Task requirements
Can you transcribe every entry word for word, skipping the images?

Listed records

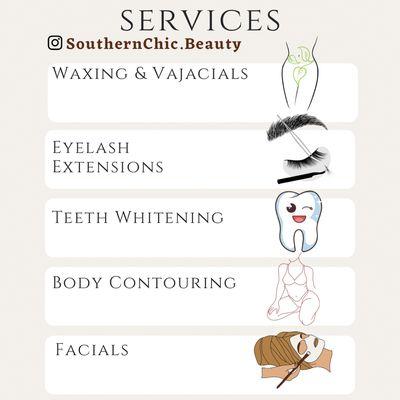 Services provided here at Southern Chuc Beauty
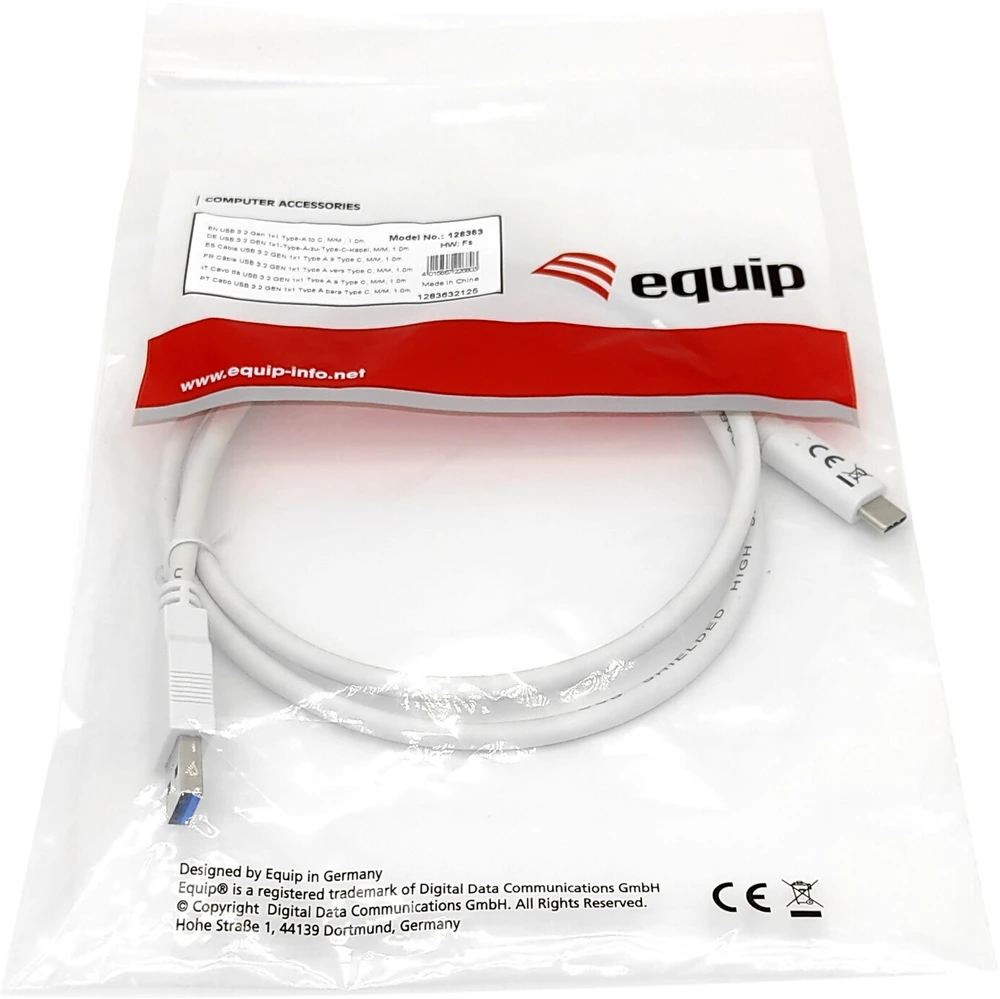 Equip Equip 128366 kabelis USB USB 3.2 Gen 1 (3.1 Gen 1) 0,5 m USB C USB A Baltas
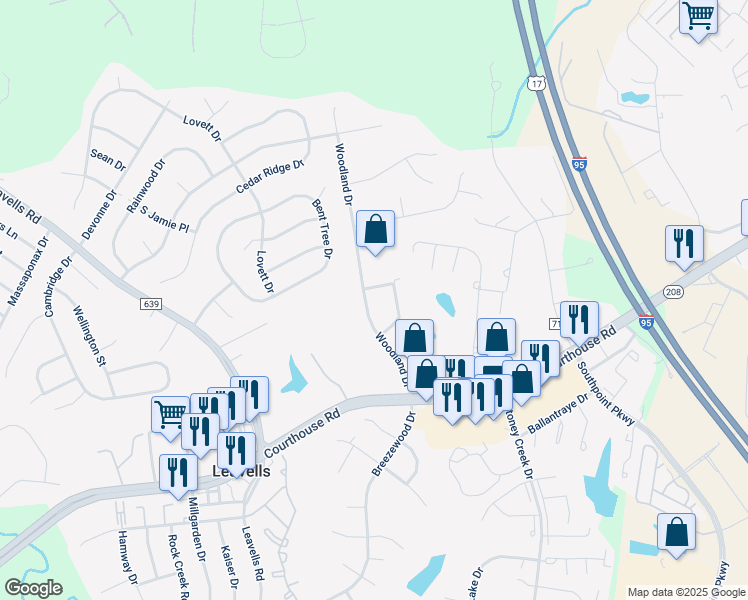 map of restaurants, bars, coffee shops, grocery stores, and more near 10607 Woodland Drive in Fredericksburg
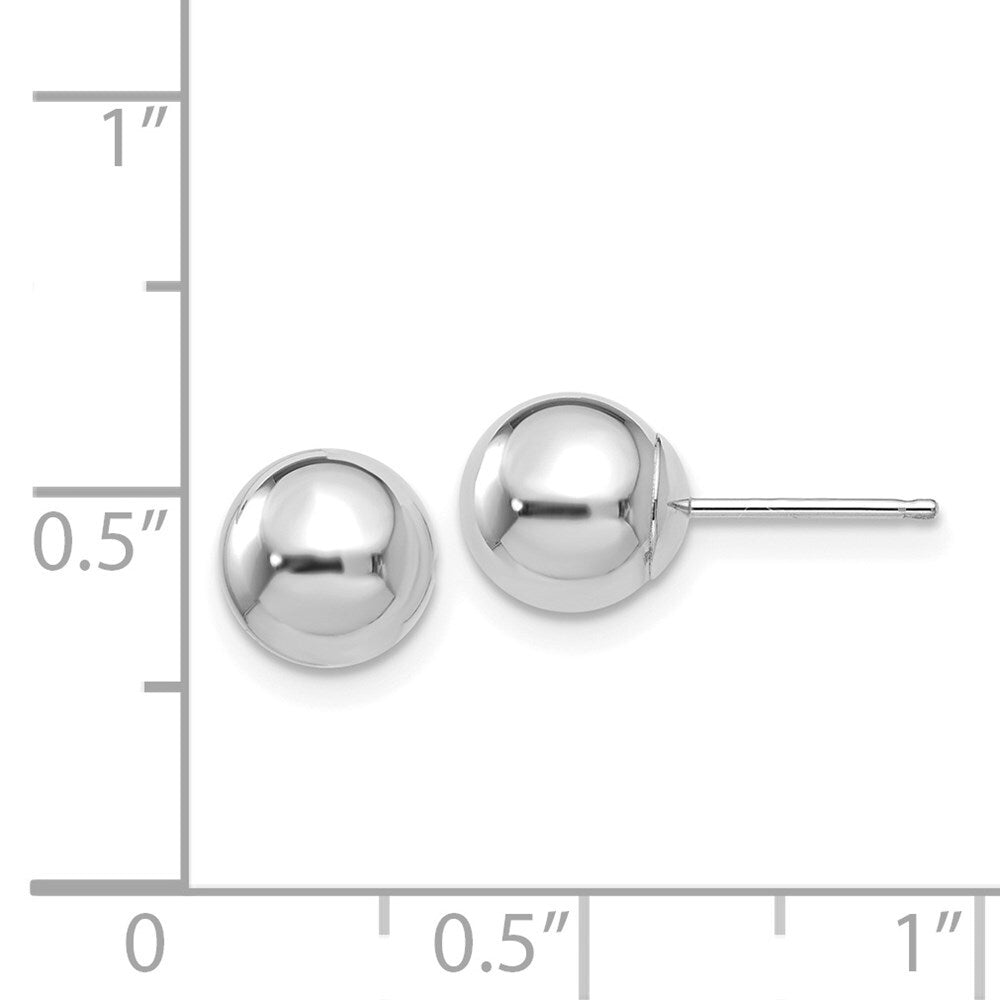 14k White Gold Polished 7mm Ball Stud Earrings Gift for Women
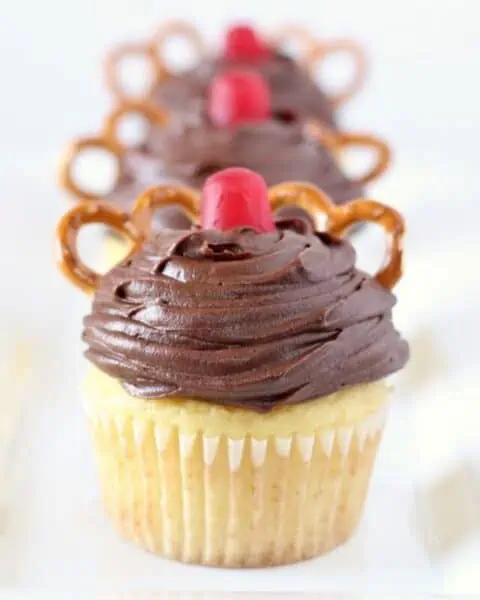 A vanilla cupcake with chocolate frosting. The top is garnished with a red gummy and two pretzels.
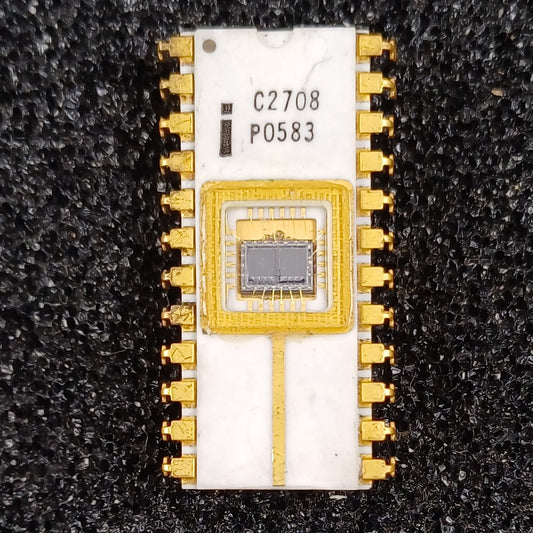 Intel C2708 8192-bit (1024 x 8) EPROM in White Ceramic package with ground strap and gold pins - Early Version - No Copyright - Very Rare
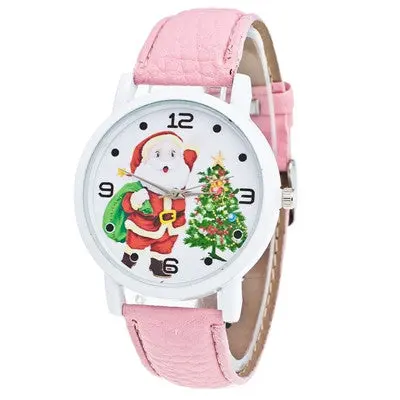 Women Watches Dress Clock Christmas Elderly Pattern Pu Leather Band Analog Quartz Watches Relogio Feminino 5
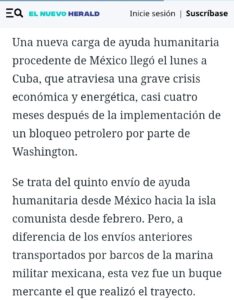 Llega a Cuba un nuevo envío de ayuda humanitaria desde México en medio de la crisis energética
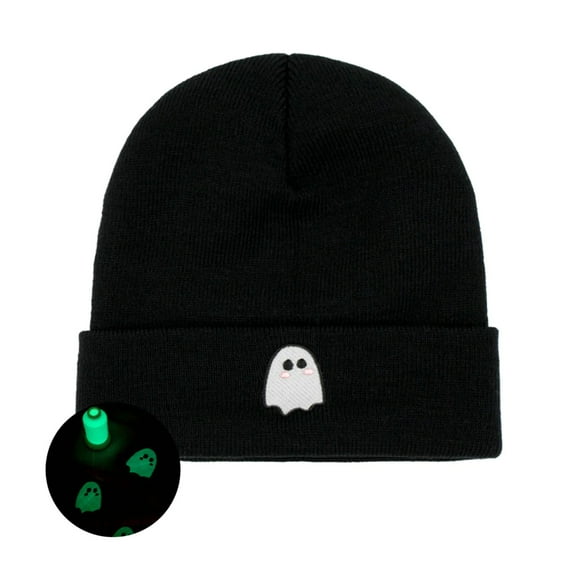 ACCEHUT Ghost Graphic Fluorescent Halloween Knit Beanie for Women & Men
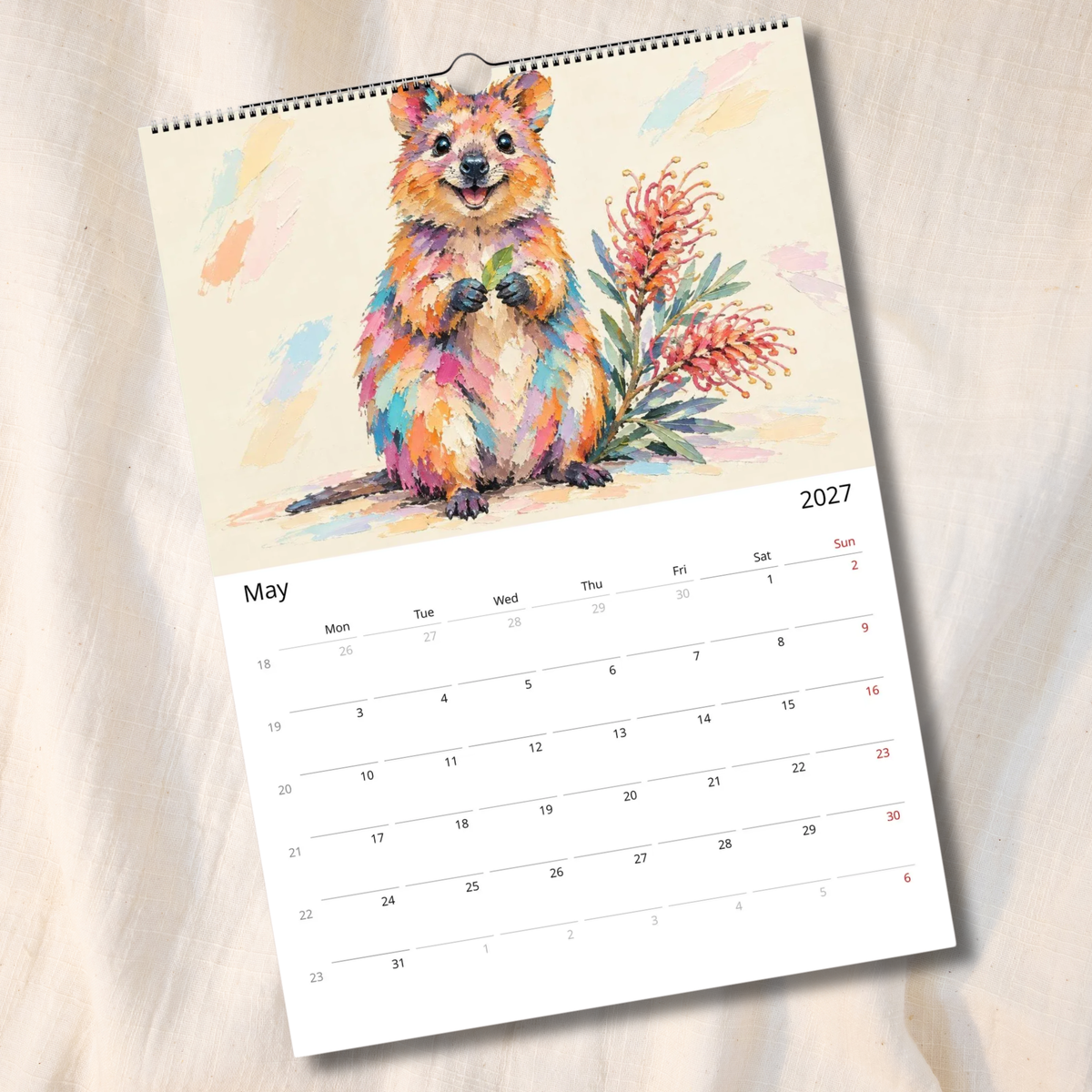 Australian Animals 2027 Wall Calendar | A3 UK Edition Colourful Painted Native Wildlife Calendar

Answer section
 Services provided here at Southern Chuc Beauty
 Equip Equip 128366 kabelis USB USB 3.2 Gen 1 (3.1 Gen 1) 0,5 m USB C USB A Baltas
 map of restaurants, bars, coffee shops, grocery stores, and more near 10607 Woodland Drive in Fredericksburg
 14k White Gold Polished 7mm Ball Stud Earrings Gift for Women
 A vanilla cupcake with chocolate frosting. The top is garnished with a red gummy and two pretzels.
 Intel C2708 8192-bit (1024 x 8) EPROM in White Ceramic package with ground strap and gold pins - Early Version - No Copyright - Very Rare
 Women Watches Dress Clock Christmas Elderly Pattern Pu Leather Band Analog Quartz Watches Relogio Feminino 5
 Llega a Cuba un nuevo envío de ayuda humanitaria desde México en medio de la crisis energética
 ACCEHUT Ghost Graphic Fluorescent Halloween Knit Beanie for Women & Men
 Australian Animals 2027 Wall Calendar | A3 UK Edition Colourful Painted Native Wildlife Calendar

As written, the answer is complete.